»»

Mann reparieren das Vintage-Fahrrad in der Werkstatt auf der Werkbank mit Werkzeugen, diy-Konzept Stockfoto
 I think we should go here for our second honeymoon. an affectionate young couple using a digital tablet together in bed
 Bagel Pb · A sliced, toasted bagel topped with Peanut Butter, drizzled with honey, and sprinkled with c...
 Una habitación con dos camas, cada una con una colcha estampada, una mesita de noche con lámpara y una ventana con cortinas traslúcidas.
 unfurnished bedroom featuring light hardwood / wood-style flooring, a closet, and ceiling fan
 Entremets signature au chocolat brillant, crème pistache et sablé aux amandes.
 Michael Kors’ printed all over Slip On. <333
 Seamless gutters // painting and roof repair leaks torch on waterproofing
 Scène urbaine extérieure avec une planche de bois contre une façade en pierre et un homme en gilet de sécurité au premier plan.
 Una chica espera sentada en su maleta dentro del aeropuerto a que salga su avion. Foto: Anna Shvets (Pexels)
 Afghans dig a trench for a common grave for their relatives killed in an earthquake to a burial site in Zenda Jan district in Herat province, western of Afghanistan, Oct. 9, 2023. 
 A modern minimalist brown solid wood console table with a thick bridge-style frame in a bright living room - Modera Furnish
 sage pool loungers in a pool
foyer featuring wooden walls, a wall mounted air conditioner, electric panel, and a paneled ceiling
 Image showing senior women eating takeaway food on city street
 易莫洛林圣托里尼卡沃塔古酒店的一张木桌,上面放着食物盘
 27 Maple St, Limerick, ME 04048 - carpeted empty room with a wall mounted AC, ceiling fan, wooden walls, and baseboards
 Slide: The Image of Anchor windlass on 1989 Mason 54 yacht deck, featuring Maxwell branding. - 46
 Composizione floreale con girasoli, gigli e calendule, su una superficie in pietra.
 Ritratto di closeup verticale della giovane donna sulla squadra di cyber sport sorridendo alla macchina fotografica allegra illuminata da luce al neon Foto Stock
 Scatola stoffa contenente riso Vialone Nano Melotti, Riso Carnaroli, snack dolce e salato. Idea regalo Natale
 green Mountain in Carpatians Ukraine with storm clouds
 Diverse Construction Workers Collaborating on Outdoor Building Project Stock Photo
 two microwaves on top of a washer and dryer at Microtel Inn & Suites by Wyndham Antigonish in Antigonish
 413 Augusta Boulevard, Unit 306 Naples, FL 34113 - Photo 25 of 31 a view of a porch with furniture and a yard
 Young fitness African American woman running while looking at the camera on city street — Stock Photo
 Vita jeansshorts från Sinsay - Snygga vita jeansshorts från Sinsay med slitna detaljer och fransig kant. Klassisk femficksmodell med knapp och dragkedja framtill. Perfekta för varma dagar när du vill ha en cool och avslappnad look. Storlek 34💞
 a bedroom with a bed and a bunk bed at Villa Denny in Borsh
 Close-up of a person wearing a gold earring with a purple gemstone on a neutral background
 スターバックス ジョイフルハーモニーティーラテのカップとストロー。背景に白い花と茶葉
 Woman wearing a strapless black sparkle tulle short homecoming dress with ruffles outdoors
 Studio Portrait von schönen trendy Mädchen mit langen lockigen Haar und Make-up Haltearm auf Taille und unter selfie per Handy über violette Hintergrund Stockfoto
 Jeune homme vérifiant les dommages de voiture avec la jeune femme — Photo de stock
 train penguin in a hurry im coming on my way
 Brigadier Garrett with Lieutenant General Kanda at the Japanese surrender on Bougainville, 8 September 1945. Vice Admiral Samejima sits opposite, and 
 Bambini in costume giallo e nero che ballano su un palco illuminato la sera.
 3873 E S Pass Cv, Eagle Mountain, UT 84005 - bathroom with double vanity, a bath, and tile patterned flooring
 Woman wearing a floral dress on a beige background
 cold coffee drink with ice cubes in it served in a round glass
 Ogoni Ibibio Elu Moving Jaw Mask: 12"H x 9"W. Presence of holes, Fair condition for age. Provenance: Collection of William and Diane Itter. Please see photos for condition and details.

««

[Exercise]
Establish how many lines of the material above hold the word "ceiling". Nothing but the count should be returned.

[Worked solution]
3